Spooky Halloween Black Bean Dip

Spooky Vegan Halloween Dip

With Halloween only weeks away, the bombardment of sweets is just around the corner. We’ve got some tricks (and treats!) up our sleeves, but there’s nothing spooky about a healthy holiday snack every now and then.

This black bean dip has a kick to it that’s delicious but not overwhelming.

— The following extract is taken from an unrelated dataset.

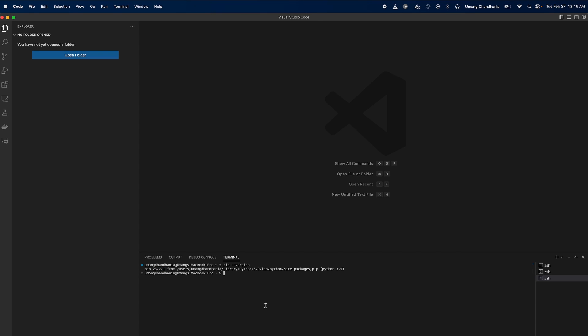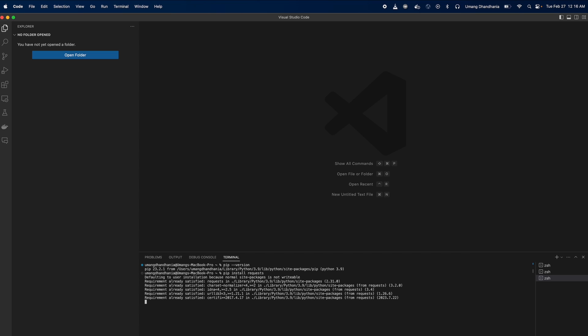Now that PIP is ready to go, you can use it to install Python packages. For instance, if you want to install a popular package like Requests, simply type pip install requests in the terminal, and PIP will handle the installation.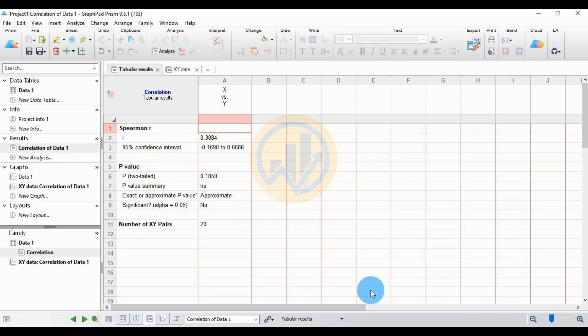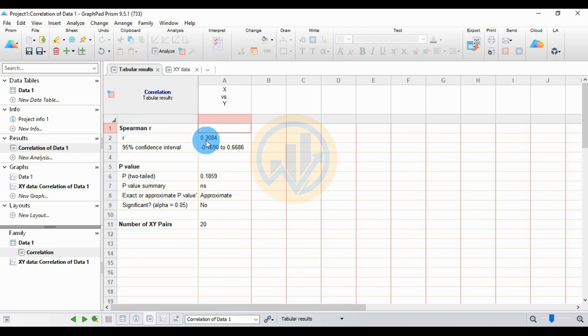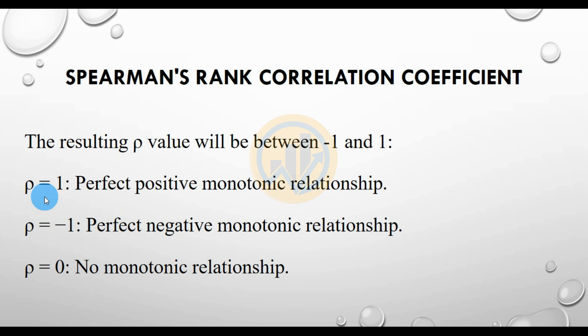Now the Spearman correlation coefficients are calculated in GraphPad Prism. The r value is 0.3084, which is a positive value, indicating a positive monotonic relationship between the two variables.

Lime juice brightens the flavors, and a splash of hot sauce keeps things spicy.

Use cookie cutters to give your homemade tortilla chips a festive look, and that bowl of candy corn will have some real competition.

 

SPOOKY BLACK BEAN DIP

Ingredients:

  • 1 1/2 cups cooked black beans
  • 1-3 tablespoons your favorite hot sauce
  • 1 tsp cumin (optional)
  • Shredded red cabbage for colorful garnish
  • 6-inch corn tortillas, cut up into shapes, brushed with olive oil and baked in single layer at 350 degrees for 12 minutes.
  • juice from 1 large lemon (or 1.5 medium lemons – about 1/4 cup)

 

Instructions:

  • Cut tortillas into shapes with a cookie cutter, brush with olive oil, and bake on a greased cookie sheet at 350 degrees for about twelve minutes. 
  • Puree beans and lemon juice in blender.
  • Add hot sauce sauce slowly and test, until you’re happy with how spicy it is.
  • Sprinkle with cumin and serve with tortilla chips.